Please write out every line of the listing without alteration, but omit the images.

DATA EXCERPT:
►

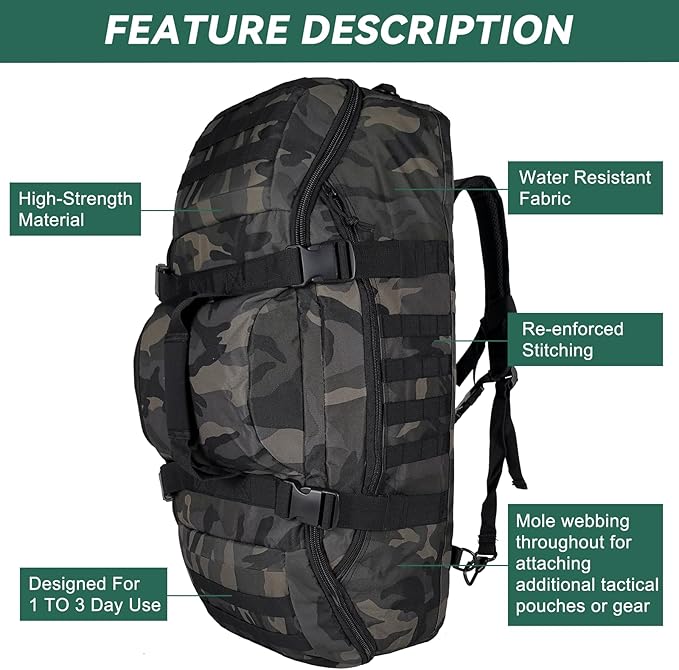 Hannibal Tactical 55L Large Duffle Bag 3-in-1 Tactical Backpack MOLLE Pack for Gym Sports Outdoor Black Camo
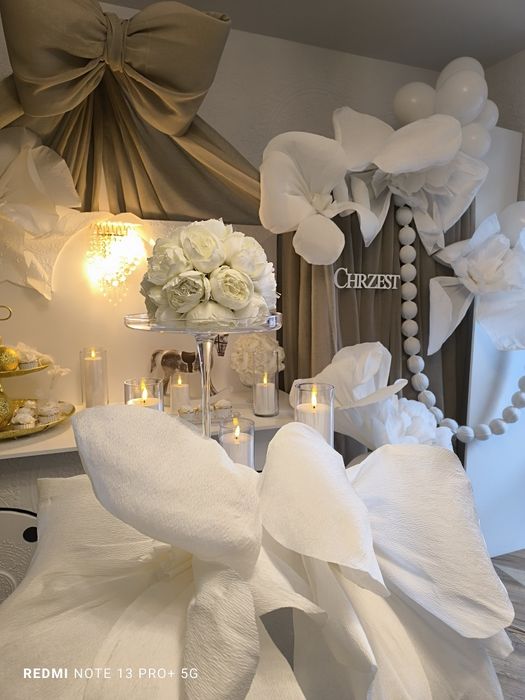 Dekoracje okolicznosciowe wesela chrzciny komunie balony scianki kwiat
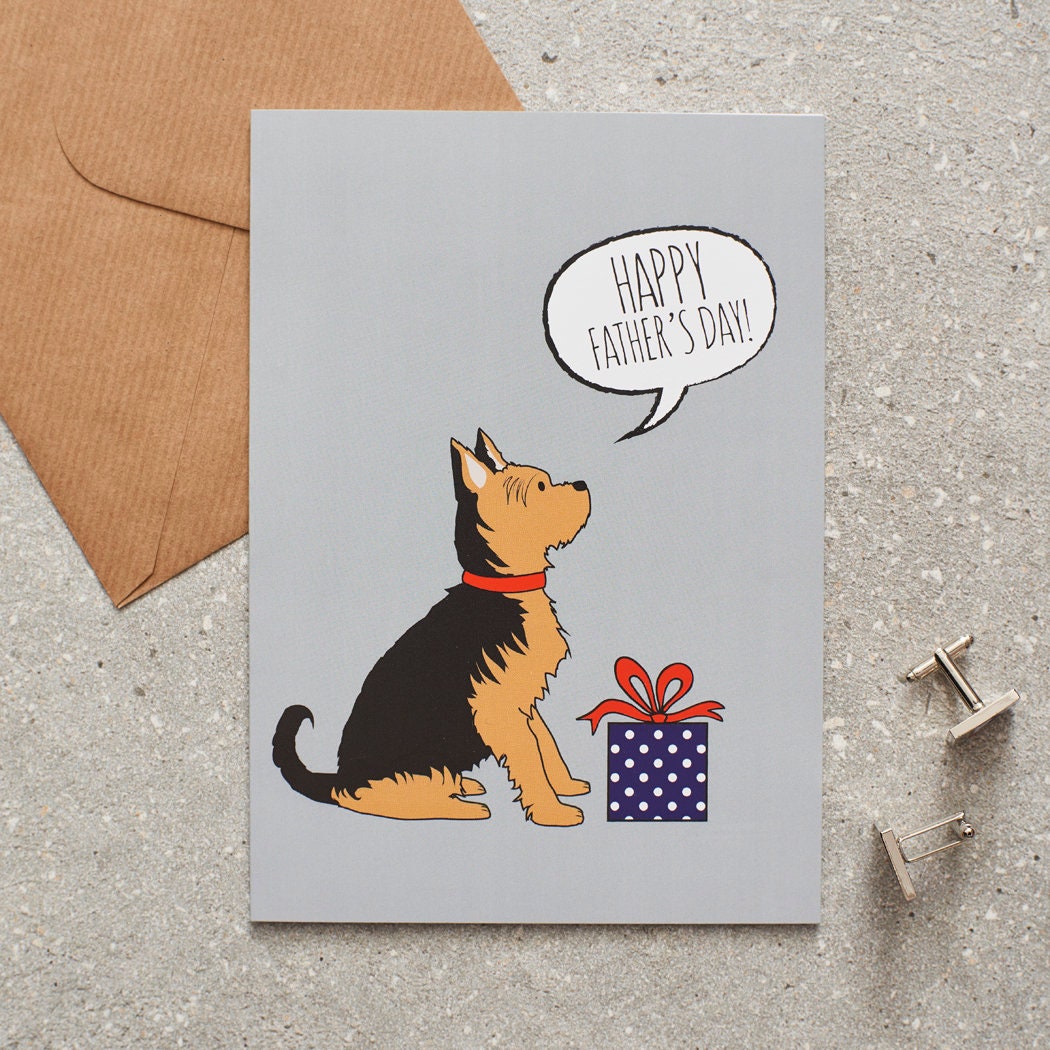 Yorkshire Terrier Father's Day card — illustrated Yorkie with gift and 'Happy Father's Day' message, dog lover gift by Sweet William Designs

◄

RESPONSE TO THE TASK:
 Hannibal Tactical 55L Large Duffle Bag 3-in-1 Tactical Backpack MOLLE Pack for Gym Sports Outdoor Black Camo
 Dekoracje okolicznosciowe wesela chrzciny komunie balony scianki kwiat
 Yorkshire Terrier Father's Day card — illustrated Yorkie with gift and 'Happy Father's Day' message, dog lover gift by Sweet William Designs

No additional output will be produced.